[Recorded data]
· · · · · · ·

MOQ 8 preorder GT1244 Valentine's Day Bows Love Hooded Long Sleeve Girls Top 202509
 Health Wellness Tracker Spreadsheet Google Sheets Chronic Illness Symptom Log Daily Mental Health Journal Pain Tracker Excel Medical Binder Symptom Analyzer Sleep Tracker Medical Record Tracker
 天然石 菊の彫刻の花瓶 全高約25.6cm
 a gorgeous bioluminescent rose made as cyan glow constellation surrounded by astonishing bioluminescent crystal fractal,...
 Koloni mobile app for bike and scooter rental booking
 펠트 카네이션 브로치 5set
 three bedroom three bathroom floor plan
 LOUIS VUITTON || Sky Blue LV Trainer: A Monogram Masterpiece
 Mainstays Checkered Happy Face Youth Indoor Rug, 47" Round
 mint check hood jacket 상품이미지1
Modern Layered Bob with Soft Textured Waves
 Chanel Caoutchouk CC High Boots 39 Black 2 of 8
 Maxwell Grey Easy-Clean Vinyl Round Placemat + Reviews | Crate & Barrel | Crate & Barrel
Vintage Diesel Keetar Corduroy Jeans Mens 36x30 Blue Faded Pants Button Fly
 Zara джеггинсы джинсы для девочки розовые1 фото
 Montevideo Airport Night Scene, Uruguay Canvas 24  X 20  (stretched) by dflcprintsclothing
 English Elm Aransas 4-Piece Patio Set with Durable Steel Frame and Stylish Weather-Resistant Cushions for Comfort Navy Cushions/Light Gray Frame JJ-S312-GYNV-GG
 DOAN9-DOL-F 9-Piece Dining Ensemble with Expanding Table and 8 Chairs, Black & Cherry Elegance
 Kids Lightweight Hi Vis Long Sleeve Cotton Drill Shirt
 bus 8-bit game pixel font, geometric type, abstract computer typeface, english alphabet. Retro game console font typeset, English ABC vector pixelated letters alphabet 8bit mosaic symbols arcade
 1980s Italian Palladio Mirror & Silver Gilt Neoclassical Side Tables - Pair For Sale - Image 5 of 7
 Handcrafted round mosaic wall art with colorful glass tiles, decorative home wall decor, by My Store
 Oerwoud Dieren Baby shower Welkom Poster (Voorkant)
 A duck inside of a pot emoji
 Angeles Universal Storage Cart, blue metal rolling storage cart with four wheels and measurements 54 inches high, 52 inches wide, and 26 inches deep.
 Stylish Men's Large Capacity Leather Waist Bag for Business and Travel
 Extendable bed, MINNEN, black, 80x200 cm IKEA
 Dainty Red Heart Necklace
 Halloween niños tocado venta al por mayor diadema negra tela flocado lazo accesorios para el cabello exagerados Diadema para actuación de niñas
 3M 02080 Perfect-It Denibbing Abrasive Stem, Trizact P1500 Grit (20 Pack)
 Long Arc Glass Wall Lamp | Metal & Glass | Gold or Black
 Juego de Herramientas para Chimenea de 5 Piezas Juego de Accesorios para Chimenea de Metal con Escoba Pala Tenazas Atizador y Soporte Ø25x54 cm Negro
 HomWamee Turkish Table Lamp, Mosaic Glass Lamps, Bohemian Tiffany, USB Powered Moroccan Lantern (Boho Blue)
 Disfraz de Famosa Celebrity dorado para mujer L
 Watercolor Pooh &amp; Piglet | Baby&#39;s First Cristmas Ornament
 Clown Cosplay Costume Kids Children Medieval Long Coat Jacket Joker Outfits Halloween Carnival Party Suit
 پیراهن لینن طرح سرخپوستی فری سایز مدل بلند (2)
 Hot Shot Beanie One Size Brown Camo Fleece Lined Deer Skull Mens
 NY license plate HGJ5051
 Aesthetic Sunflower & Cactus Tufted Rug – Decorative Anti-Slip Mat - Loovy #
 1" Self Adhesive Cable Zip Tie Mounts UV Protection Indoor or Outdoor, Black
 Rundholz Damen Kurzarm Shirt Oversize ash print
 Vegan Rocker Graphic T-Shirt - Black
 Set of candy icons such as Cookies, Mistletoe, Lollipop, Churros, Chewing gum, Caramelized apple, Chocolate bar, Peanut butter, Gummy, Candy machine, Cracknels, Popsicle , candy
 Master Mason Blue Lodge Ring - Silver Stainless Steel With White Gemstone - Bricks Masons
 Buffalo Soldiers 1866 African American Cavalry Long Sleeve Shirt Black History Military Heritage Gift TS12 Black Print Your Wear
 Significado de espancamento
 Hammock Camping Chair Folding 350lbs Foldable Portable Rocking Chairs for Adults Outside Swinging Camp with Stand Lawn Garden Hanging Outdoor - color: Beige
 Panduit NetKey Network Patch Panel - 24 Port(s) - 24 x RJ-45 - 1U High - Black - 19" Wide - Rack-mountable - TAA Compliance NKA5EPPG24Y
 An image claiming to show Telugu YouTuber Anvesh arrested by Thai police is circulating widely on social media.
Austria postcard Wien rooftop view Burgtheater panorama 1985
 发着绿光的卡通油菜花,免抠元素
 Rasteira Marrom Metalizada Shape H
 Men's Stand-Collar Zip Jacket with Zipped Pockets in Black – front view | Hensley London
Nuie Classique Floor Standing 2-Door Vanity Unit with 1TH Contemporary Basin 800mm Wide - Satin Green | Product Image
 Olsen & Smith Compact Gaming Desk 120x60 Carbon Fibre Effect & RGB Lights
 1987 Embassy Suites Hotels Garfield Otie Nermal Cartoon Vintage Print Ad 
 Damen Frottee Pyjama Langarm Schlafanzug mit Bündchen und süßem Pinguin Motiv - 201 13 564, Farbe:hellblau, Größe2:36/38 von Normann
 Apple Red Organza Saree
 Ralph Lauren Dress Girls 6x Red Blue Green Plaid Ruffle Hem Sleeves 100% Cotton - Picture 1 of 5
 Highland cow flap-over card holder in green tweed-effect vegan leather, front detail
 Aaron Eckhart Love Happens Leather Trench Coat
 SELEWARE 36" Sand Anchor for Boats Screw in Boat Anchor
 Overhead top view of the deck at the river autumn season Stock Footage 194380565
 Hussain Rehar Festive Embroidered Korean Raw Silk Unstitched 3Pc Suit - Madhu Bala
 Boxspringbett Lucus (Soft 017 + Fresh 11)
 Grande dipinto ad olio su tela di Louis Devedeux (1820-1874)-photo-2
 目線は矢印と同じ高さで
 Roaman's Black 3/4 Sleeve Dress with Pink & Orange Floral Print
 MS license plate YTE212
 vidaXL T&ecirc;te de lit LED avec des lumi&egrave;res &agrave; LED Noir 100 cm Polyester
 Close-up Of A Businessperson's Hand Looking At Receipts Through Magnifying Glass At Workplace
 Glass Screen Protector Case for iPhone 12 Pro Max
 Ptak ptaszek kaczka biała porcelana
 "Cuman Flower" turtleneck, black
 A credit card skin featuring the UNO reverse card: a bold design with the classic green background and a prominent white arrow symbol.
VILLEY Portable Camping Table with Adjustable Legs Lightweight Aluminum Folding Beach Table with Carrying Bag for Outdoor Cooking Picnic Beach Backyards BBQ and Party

· · · · · · ·

> _Work to complete_
Please output the exact lines of the records above, beginning with the first and stopping after the line that holds "天然石 菊の彫刻の花瓶 全高約25.6cm", and nothing else.

> _Finished exercise_
MOQ 8 preorder GT1244 Valentine's Day Bows Love Hooded Long Sleeve Girls Top 202509
 Health Wellness Tracker Spreadsheet Google Sheets Chronic Illness Symptom Log Daily Mental Health Journal Pain Tracker Excel Medical Binder Symptom Analyzer Sleep Tracker Medical Record Tracker
 天然石 菊の彫刻の花瓶 全高約25.6cm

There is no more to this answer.